Black History Month Spotlight: Kings Entertainment Manager, Sasha Cole

We spoke with first-year Kings Entertainment Manager, Sasha Cole, about her experiences as an African American woman working in the NBA.
by Hannah Taheri
Social Media Associate

You are the Entertainment Manager for 916 Crew. 916 Crew is very diverse and one of the first of its kind amongst the NBA. Why do you feel it is important for groups like this to exist amongst global organizations? Also, why is it important to continue to encourage diversity in the workplace?

I think that one of the best things a person can do in their lifetime, is put themselves in the middle of as many different situations, with as many different people as they can. Being able to adapt is the key to relationships, and life is based on relationships. Any success that anyone has ever achieved stems from the ability to perceive and understand people and I instill this into my teams.

Diversity constantly challenges you to think about the way you think. Then you are able to evolve as an individual by adapting new practices and concepts, while omitting the ones that don’t suit you. You basically become the best, most informed version of yourself that you might not have achieved alone.

This is why it is so important for groups like 916 Crew to exist amongst global organizations like this one. The things we achieve as a team by including the best of each individual and their experiences is absolutely insane! We are achieving so much creatively, and walking away with knowledge and experiences that will change our lives and the way we see the world.

As a former NBA dancer and a current leader in the workplace, what does being an African American woman in your position mean to you?

It is no secret that being a woman in the workplace comes with its own challenges. Add that to being a minority, and it really shifts the odds. I hope that being in the position that I am in is a testament to others that the odds can be beaten with hard work and preparation, but mostly being okay with resistance and knowing that you just have to push back harder.

Have you ever encountered any adversity in your professional career as a result of your race? If so, how did you overcome it?

My 10 years in the NBA have been nothing short of amazing. This organization has poured into me, and I have been able to pour into others as a result. As a dancer of eight years, the presence of black women was typically limited to two to three girls per season.

In the NBA, you audition every year to earn your spot back, so not only were the teams limited to only 18-20 girls with over 100 auditionees. I believe that the way you think about yourself and your situations determines your quality of life. These odds ignited fire in me to be the best, to be such an asset that I was not easily replaced.

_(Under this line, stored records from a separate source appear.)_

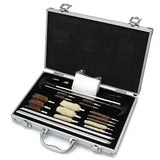 Universal Bore Cleaner Gun Cleaning Kit Gun Brush Tool for Pistol Rifle Shotgun Aluminum Alloy Hunting Accessory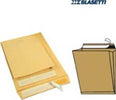 Busta a sacco avana - serie Mailpack - soffietti laterali - fondo preformato - strip adesivo - 250x353x40 mm - 80 gr - Blasetti - conf. 10 pezzi Commercio Industria e Scienza/Forniture per imballaggio e spedizione/Scatole buste e tubi per spedizione/Buste per spedizione/Buste imbottite Eurocartuccia - Pavullo, Commerciovirtuoso.it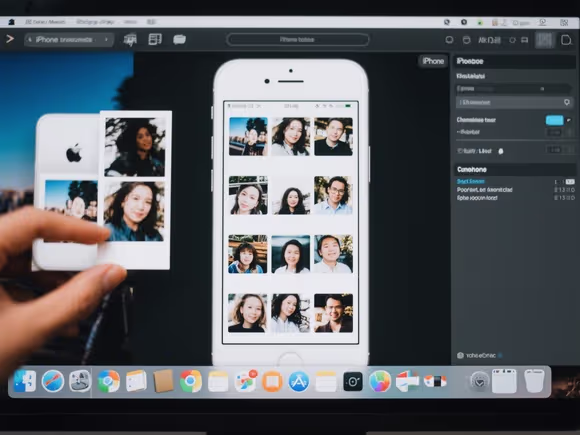 用电脑打开iphone照片的软件是什么软件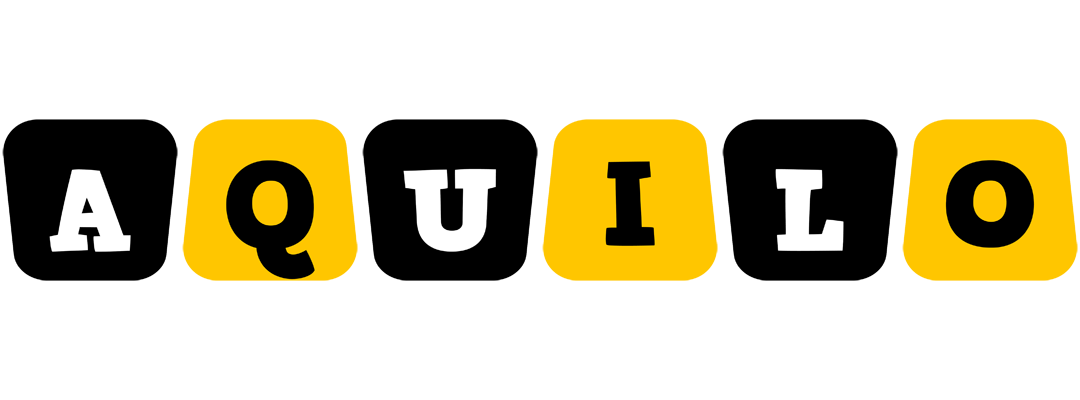 Aquilo boots logo
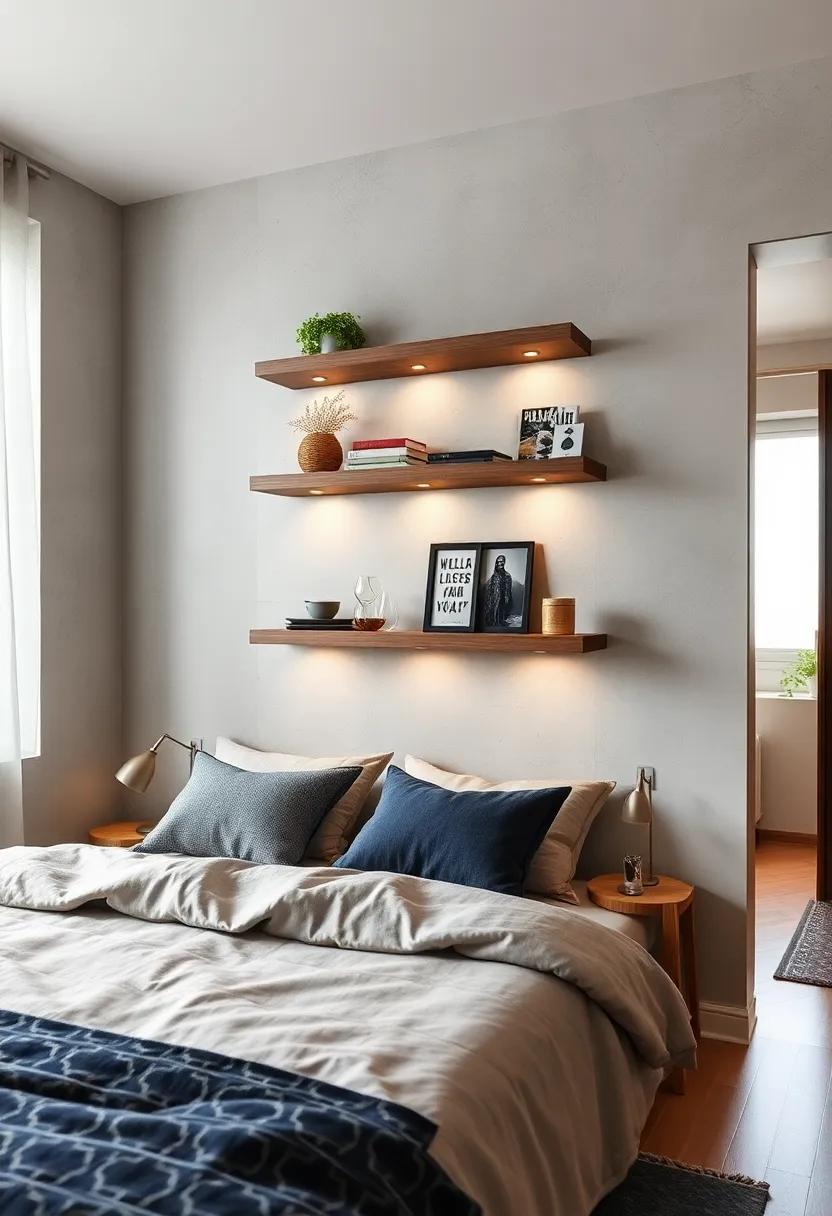Dreamy⁢ Night Sky: install shelves with a constellation or ​star theme,and ‍display items‌ that ⁤inspire tranquility and dreams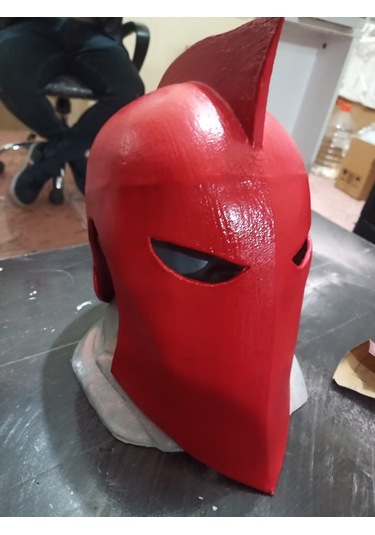 Zeus Spartalı Savaşçı Kaskı Helmet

This adversity taught me grit that I needed to be where I am today. In my last two years of managing, I have made it a point to cast solely based on talent, with an emphasis on inclusivity. I believe in making change from the inside out. Success is only achieved when you can share your journey and lessons with others, so that they too can be successful.

Do you have any African American role models? If so, why do you look up to this person/these people?

My dad is my role model without a doubt. I look up to him because he takes risks, started his own successful business, and never let anyone or anything discourage him. My dad is the most selfless person I know. He is constantly telling me to learn people, and to use what I have learned to love them the way they need to be loved because the world needs more people like that.

He has sacrificed so much in his lifetime for my sisters and myself to be successful. My favorite thing he has ever said is, “If you never leave the basics, you never have to revisit them. Life isn’t hard, we make it that way.” I strive to be the kind of person my dad is.